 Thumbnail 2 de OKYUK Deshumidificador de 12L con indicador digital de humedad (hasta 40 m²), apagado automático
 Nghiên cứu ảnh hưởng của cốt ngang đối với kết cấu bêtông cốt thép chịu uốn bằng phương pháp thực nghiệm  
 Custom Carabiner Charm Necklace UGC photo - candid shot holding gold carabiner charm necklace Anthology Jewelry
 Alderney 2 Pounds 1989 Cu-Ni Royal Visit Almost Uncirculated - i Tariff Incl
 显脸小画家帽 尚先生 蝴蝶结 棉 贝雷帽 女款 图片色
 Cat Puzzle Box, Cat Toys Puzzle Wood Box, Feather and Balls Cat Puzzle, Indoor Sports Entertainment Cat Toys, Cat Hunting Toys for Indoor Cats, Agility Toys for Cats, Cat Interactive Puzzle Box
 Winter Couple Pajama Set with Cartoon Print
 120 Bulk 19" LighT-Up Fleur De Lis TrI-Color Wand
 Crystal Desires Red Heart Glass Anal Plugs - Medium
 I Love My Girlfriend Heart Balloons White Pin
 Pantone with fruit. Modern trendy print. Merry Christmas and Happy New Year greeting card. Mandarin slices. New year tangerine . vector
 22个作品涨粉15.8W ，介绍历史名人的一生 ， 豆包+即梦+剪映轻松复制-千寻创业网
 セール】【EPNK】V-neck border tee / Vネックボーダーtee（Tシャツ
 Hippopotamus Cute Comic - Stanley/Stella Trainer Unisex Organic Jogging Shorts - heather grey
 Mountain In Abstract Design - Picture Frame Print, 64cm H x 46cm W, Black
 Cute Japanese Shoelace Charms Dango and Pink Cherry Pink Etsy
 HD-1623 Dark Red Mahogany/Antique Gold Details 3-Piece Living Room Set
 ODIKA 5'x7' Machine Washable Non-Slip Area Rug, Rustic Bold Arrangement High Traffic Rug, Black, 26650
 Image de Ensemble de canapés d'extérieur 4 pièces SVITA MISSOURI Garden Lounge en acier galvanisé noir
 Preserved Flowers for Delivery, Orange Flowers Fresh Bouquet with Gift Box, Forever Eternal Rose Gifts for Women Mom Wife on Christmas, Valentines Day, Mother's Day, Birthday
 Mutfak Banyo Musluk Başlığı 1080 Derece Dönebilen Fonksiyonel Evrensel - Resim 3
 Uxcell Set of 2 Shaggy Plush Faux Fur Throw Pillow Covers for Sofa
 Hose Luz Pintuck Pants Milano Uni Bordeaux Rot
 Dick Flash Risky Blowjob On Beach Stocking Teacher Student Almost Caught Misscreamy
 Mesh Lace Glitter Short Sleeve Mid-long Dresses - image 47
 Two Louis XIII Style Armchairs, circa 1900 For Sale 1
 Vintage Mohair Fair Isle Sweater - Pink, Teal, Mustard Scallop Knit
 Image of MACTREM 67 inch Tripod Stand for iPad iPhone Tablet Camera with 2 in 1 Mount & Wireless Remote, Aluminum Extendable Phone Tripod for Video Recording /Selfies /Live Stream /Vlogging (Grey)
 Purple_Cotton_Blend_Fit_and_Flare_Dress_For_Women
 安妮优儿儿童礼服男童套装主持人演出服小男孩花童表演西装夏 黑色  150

+++++

Give back, word for word, only the lines above from the line holding "Pantone with fruit." to the line holding "Hippopotamus Cute Comic", both included.

• Output:
 Pantone with fruit. Modern trendy print. Merry Christmas and Happy New Year greeting card. Mandarin slices. New year tangerine . vector
 22个作品涨粉15.8W ，介绍历史名人的一生 ， 豆包+即梦+剪映轻松复制-千寻创业网
 セール】【EPNK】V-neck border tee / Vネックボーダーtee（Tシャツ
 Hippopotamus Cute Comic - Stanley/Stella Trainer Unisex Organic Jogging Shorts - heather grey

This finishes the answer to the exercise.